The tribes’ argument is that the state’s greater experience with night hunting of deer since the 1991 judgment shows that it is safer than had been believed—so safe indeed that, given sensible regulations governing such hunting, there is no reason to prohibit the tribes’ members from engaging in such hunting on ceded territory. At least four states allow Indians to hunt deer at night—Oregon, Washington, Minnesota, and Michigan. Neither the tribes nor the state has presented evidence of the accident rate in any of those states. We’ll leave it to the district court to decide whether to invite the parties to submit such comparative evidence. The burden of production should be placed on the state, for as the record stands the evidence presented by the tribes that night hunting for deer in the ceded territory is unlikely to create a serious safety problem provides a compelling reason for vacating the 1991 judgment that prohibited Indians from hunting deer at night in that territory.

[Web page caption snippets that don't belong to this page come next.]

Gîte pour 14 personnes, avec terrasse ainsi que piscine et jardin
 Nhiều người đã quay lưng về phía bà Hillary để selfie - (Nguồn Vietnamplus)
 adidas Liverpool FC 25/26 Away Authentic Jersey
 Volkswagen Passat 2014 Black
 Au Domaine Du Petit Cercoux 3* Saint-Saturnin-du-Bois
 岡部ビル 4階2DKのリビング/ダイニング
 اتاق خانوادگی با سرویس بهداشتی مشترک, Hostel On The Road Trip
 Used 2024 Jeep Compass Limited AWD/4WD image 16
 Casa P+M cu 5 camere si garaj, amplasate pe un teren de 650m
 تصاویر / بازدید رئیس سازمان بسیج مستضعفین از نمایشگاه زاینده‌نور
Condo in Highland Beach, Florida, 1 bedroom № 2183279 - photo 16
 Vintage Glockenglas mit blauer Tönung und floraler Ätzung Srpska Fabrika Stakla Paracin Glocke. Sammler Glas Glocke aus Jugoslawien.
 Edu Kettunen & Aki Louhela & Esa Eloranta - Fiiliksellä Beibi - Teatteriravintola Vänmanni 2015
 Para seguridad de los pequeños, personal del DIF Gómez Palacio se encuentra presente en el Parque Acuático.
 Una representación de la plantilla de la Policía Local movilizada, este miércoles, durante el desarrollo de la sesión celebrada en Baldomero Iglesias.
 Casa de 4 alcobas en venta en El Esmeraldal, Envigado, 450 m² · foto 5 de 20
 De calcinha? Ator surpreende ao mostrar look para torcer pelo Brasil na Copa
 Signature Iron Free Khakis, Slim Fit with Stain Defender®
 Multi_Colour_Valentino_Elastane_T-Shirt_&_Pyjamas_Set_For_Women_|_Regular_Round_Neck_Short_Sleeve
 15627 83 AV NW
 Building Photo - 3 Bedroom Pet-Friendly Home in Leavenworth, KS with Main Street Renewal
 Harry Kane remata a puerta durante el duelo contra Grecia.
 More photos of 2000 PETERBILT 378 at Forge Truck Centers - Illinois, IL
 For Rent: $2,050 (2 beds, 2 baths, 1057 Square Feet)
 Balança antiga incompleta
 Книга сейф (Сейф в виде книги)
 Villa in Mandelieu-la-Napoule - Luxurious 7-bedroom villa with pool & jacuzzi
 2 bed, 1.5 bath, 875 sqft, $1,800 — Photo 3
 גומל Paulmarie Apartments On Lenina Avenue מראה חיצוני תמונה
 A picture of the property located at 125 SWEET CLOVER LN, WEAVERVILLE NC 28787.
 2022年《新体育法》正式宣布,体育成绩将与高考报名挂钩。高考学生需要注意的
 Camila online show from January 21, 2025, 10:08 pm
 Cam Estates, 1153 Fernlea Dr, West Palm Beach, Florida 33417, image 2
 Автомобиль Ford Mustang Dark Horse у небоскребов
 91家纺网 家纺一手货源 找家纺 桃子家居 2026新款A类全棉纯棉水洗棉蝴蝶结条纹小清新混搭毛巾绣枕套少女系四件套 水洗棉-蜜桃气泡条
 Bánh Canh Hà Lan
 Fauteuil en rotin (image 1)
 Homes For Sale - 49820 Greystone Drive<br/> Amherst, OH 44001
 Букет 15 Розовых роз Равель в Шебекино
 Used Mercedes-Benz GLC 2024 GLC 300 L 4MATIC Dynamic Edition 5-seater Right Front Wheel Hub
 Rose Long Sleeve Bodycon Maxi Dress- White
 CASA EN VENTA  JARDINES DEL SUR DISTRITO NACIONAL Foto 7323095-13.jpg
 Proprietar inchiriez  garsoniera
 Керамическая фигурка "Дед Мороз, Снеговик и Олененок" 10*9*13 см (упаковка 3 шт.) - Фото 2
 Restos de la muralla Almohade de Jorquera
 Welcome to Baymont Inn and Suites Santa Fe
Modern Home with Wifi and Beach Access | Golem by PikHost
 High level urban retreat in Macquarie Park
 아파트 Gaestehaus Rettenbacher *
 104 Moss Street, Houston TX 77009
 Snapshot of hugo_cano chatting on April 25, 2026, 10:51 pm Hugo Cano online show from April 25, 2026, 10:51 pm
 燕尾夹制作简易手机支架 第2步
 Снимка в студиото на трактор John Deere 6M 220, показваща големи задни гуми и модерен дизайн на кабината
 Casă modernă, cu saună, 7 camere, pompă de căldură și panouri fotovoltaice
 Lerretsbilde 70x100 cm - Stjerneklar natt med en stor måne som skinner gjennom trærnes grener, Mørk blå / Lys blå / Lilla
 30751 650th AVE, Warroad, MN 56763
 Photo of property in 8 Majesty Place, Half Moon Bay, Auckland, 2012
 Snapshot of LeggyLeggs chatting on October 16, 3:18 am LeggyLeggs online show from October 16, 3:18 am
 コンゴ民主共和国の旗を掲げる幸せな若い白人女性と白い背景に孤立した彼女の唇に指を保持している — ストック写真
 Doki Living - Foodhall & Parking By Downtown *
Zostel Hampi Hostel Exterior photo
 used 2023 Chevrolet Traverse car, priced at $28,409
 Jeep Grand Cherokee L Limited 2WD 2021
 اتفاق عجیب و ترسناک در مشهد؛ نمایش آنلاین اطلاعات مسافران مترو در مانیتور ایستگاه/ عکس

The Seventh Circuit’s decision does not dramatically change treaty rights jurisprudence because the court applied existing standards in assessing the legitimacy of the state’s safety regulation was based on existing case law. Nevertheless, the decision is important in several respects:
1. The decision signals that, within the Seventh Circuit at least, the requirement of Rule 60(b) that a motion for relief from judgment must be brought within a "reasonable time" will not prevent a court from reconsidering a state restriction on treaty rights that, based on current facts, can no longer be justified.
2. The decision indicates that courts should not defer to a State’s alleged security concerns but should instead view them with healthy skepticism: "[T]he state must justify, not merely assert, a public-safety need to restrict Indian rights recognized by treaty with the federal government."
3. The decision, joined by three very senior, highly respected judges, reflects an admirable understanding of, and respect for, the exercise of off-reservation treaty-reserved rights that may influence other courts to adopt the same approach.